Risk of “Standard-Essential” Patent Litigation to Bitcoin

ScaleIt’s tempting to think that Bitcoin services would be immune to patent litigation.

After all, Bitcoin protocol is open source and seems to be in the public domain. Satoshi Nakamoto, the pseudonymous designer of Bitcoin, uploaded a whitepaper describing the currency on October 31, 2008, and he released operative source code months later. Neither Satoshi nor anyone else filed a patent application within a year of these events, so Bitcoin should be public domain, right? Besides, as a former Bitcoin entrepreneur scoffed, “There is no issuer, who are they gonna sue?”

The answer may be “they will sue everyone.” As online merchants have learned, an issued patent can be asserted across an industry. As cryptocurrency businesses continue to grow, its operators will face similar patent litigation risks.

There are at least three types of patents that could be asserted against Bitcoin operators: (1) pre-October 2008 patents that claim elements of Bitcoin’s protocol, (2) patents that should not have been issued at all, and (3) patents for non-obvious applications of Bitcoin and other cryptocurrencies.

In this post, I address only the first sort of patent.

Patents filed years ago may cover portions of the Bitcoin protocol. Although Satoshi’s complete invention does not appear to be claimed by any patent application, elements of Bitcoin were publicly known long before 2008.

Bitcoin is a decentralized peer-to-peer open-source reusable proof-of-work cryptographic protocol. It was unprecedented at the time of its invention, but Bitcoin owes its existence to cryptographic proof-of-work concepts developed years earlier. Bitcoin was also presaged by theoretical digital currencies proposed a decade earlier.

Satoshi was apparently the first to combine all of Bitcoin’s features, but a patent over parts of the protocol may be asserted against Bitcoin adopters.

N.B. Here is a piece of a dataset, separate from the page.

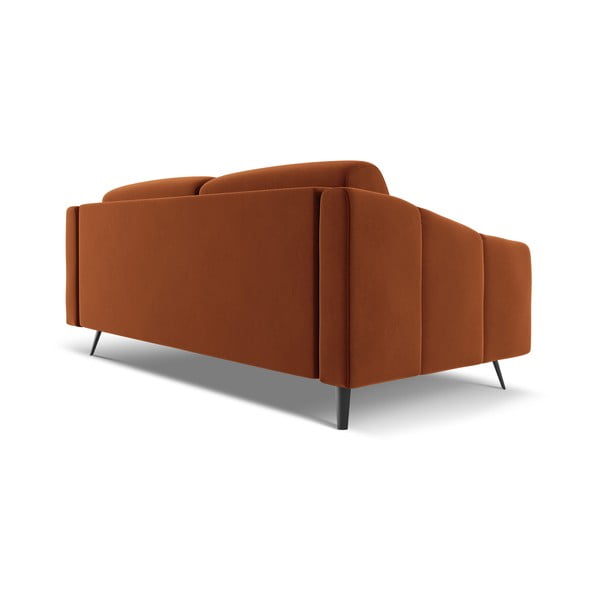 Oranžinės spalvos iš velveto sofa 202 cm Nalu – Makamii-image-4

This is because patents grant their owners the right to exclude others. Multiple patents may cover technologies essential to Bitcoin.

Such patents need not even be issued yet. Patent prosecution usually occurs over many years, and inventors may file numerous child applications to claim various implementations of their putative invention. In child applications, a patent owner can often tailor the claims to target known products, such as Bitcoin. Patentees are only limited by whether the original (pre-October 2009) patent application discloses and “enables” features claimed by the patent eventually issued.  Such a patent could be a de facto standard-essential patent for the Bitcoin protocol.

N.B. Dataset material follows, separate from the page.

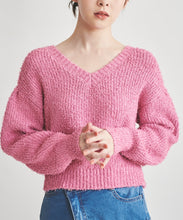 画像をギャラリービューアに読み込む, カールヤーンVネックニット/TT418303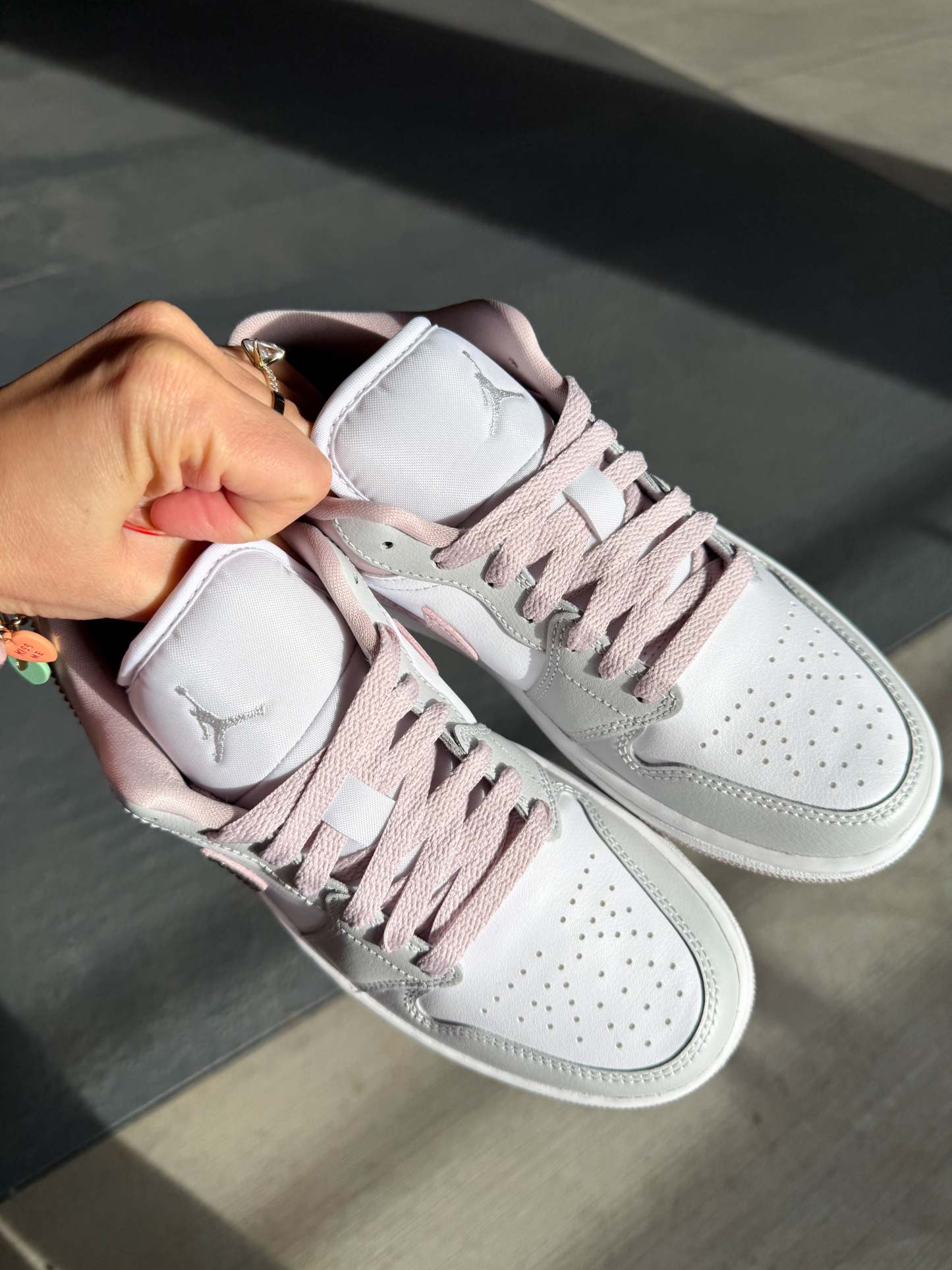 Neutral Gray Blush Swarovski Women’s Air Jordan 1 Low Shoes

If and when such a patent emerges, what defenses are available?

Non-infringement may be a strong defense against patents that do not specifically target Bitcoin, but this may not deter potential plaintiffs. A win by one defendant on non-infringement does not necessarily translate to everyone, especially if the asserted patent depends on algorithms that vary from client to client.

The Bitcoin community itself may be able to “design around” an asserted patent so that the protocol does not infringe. This is possible if the asserted patent only claims a non-essential part of the Bitcoin protocol. If so, the protocol could conceivably be amended to prevent future infringement, but this would not let current Bitcoin operators off the hook. In the United States, it is usually possible to collect back damages up to six years before suit is filed.

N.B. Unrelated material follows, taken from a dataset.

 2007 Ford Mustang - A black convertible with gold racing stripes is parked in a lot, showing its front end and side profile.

A challenge to the validity of the patent could be a potentially strong defense.

Invalidity is typically difficult to prove in U.S. district courts because issued patents are presumed to be valid. An accused infringer must prove an issued patent is invalid based on “clear and convincing” evidence, which is a heightened burden of proof. This may be particularly difficult to prove with a patent application that predates Bitcoin. Satoshi’s 2008 white paper and 2009 software could not be used to prove that an earlier-filed application was previously invented (anticipated) or obvious.

Accused infringers may have more luck challenging a patent before the Patent Office by inter partes review (IPR) or covered business method review (CBM) proceedings. District courts will often stay proceedings if one of these administrative challenges to the validity of the patent is filed and taken up by the Patent Office. These procedures may be especially useful to invalidate patents that claim abstract ideas. Last year’s decision in Alice Corp. v. CLS Bank suggests that software algorithms performed by a generic computer may be an abstract idea. Since this decision, many older software patents have been found to claim un-patentable abstract ideas.

None of these defenses are cheap. Accused infringers often pay settlements or license fees to owners of dubious patents because that is cheaper than the cost of defense. Even in IPR and CBM proceedings, which are generally less expensive than district court litigation, the legal fees from a successful challenge easily run six digits. Still, the cost may be worthwhile because a defendant deters others from asserting meritless patents, which is the strategy of Overstock.com (a Bitcoin and cryptosecurity trailblazer).

If someone does try to assert a patent against the Bitcoin protocol, adopters could share the costs by banding together. For example, those with a common interest in litigation can enter into a joint defense agreement committing all signatories to share the burden of an IPR challenge. Such agreement only becomes operative once the group has enough buy-in to make the cost low for every defendant. By joining together, Bitcoin adopters can economically challenge a patent that is alleged to be essential to the Bitcoin protocol and therefore threatening to all adopters.